§ **INFORMATION SHOWN**:
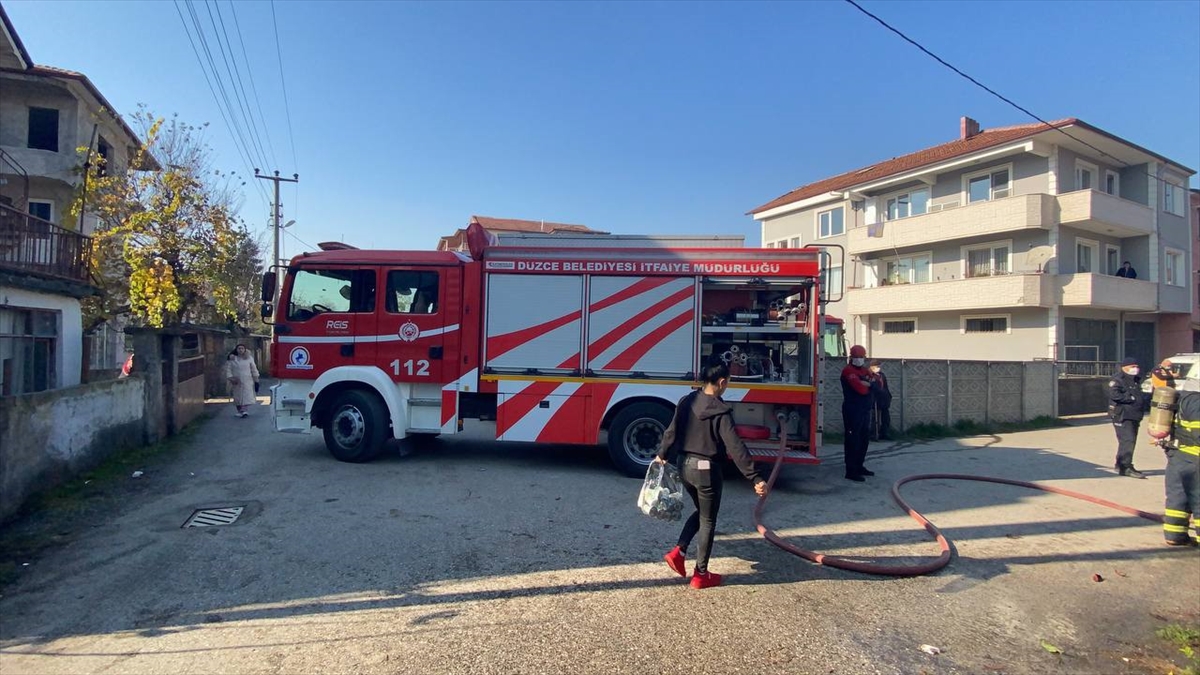 Düzce'de barakada çıkan yangında 11 köpek yavrusu telef oldu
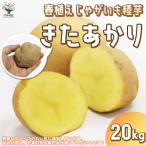 ITANSE картофель. семенной клубень товар вид :kita красный li вид ..... овощи семенной клубень 20kg( заполнение час ) растение в горшке веранда .. лошадь колокольчик . семенной клубень бесплатная доставка i язык se официальный 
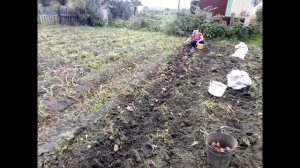 Мотоблок Угра - Копаю картофель/картофелекопалка/ (мотор Mitsubishi 6,0 л.с)/cultivator Ugra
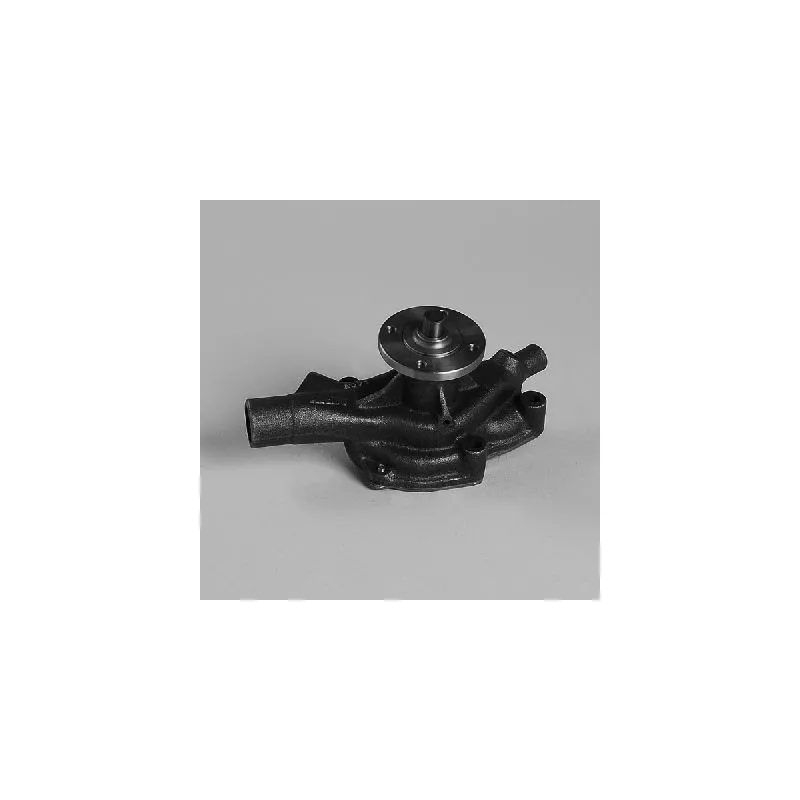 Pompe à eau HEPU P7926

§ **WHAT YOU HAVE TO DO**: Reproduce the data in full. Do not carry over any picture.

§ **ANSWER FOR THIS EXERCISE**:
 Düzce'de barakada çıkan yangında 11 köpek yavrusu telef oldu
 ITANSE картофель. семенной клубень товар вид :kita красный li вид ..... овощи семенной клубень 20kg( заполнение час ) растение в горшке веранда .. лошадь колокольчик . семенной клубень бесплатная доставка i язык se официальный 
 Мотоблок Угра - Копаю картофель/картофелекопалка/ (мотор Mitsubishi 6,0 л.с)/cultivator Ugra
 Pompe à eau HEPU P7926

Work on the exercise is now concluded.